Pig is especially great because it is extensible. This tutorial will focus on its extensibility. By the end of this tutorial, you will be able to write PigLatin scripts that execute Python code as a part of a larger map-reduce workflow. Pig can be extended with other languages too, but for now we’ll stick to Python.
Before we continue
This tutorial relies on a bunch of knowledge. It’ll be very useful if you know a little Python and PigLatin. It’ll also be useful to know a bit about how map-reduce works in the context of Hadoop.
User Defined Functions (UDFs)
A Pig UDF is a function that is accessible to Pig, but written in a language that isn’t PigLatin. Pig allows you to register UDFs for use within a PigLatin script.
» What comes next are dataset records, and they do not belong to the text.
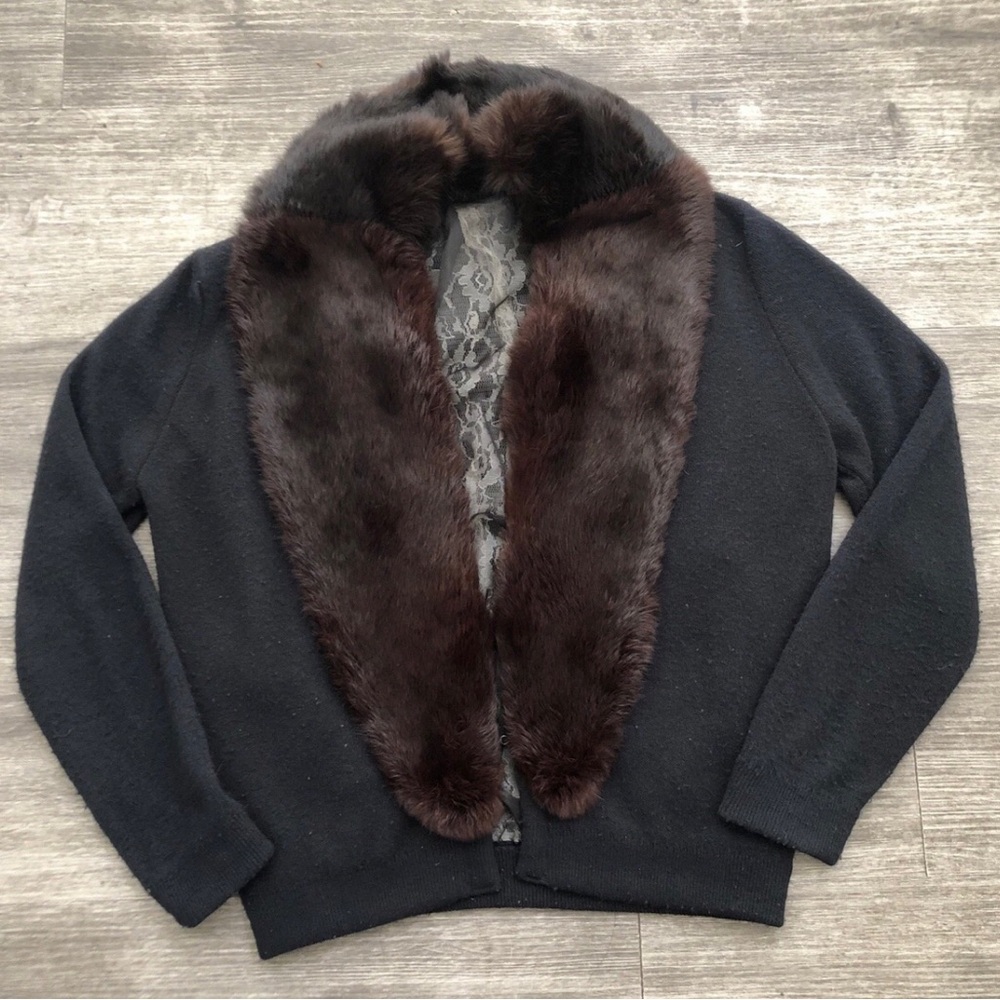 Black Jacket with Brown Fur Collar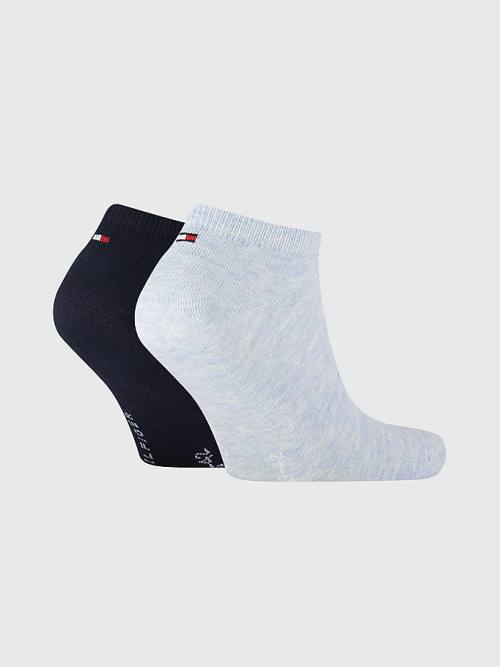 Blue Tommy Hilfiger 2-Pack Flag Trainer Men's Socks | TH483KGQ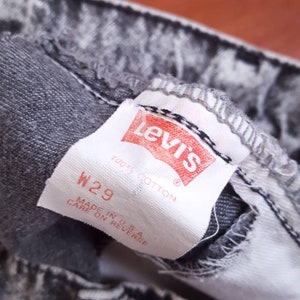 80's Levi's 561 Shorts Acid Wash Patchwork Levi's Shorts Fit Like 29W Vintage Levi's Cut Off Shorts Black Levi's Shorts Big Tab image 7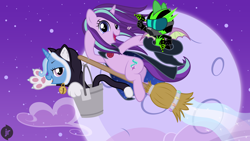 Size: 1920x1080 | Tagged: safe, artist:facelessjr, artist:phucknuckl, derpibooru import, edit, spike, starlight glimmer, trixie, cat, unicorn, animal costume, bell, broom, bucket, cape, cat costume, clothes, cloud, costume, female, flying, flying broomstick, full moon, halloween, halloween costume, hat, holiday, image, magic, messy mane, moon, night, nightmare night, nightmare night costume, png, pose, ray gun, scrunchy face, show accurate, tail, uniform, washouts uniform, waving, witch, witch costume, witch hat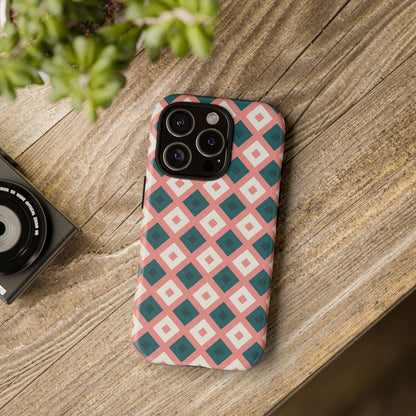 Geometric Diamond Pattern Tough Phone Case — Pink & Teal Protective Cover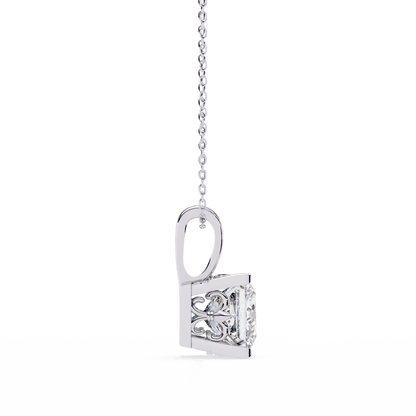 Krista – Princess-Cut Solitaire Pendant with Filigree Basket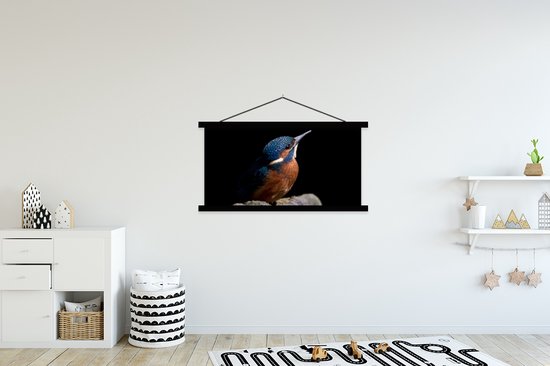 Porte-affiche avec affiche - Affiche scolaire - Martin-pêcheur - Branche - Ressorts - Zwart - 150x75 cm - Lattes noires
A UDF needs to fit a specific prototype - you can’t just write your function however you want because then Pig won’t know how to call your function, it won’t know what kinds of arguments it needs, and it won’t know what kind of return value to expect. There are a couple of basic UDF types:
Eval UDFs
This is the most common type of UDF. It’s used in FOREACH
type statements. Here’s an example of an eval function in action:
users = LOAD 'user_data' AS (name: chararray);
upper_users = FOREACH users GENERATE my_udfs.to_upper_case(name);
This code is fairly simple - Pig doesn’t really do string processing so we introduce a UDF that does. There are some missing pieces that I’ll get to later, specifically how Pig knows what my_udfs
means and suchlike.
Aggregation UDFs
These are just a special case of an eval UDF. An Aggregate function is usually applied to grouped data. For example:
user_sales = LOAD 'user_sales' AS (name: chararray, price: float);
grouped_sales = GROUP user_sales BY name;
number_of_sales = FOREACH grouped_sales GENERATE group, COUNT(user_sales);
In other words, an aggregate UDF is a udf that is used to combine multiple pieces of information. Here we are aggregating sales data to show how many purchases were made by each user.
Filter UDFs
A filter UDF returns a boolean value. If you have a data source that has a bunch of rows and only a portion of those rows are useful for the current analysis then a filter function of some kind would be useful. An example of a filter function is action follows:
user_messages = LOAD 'user_twits' AS (name:chararray, message:chararray);
rude_messages = FILTER user_messages by my_udfs.contains_naughty_words(message);
Enough talk, let’s code
In this section we’ll be writing a couple of Python UDFs and making them accessible within PigLatin scripts.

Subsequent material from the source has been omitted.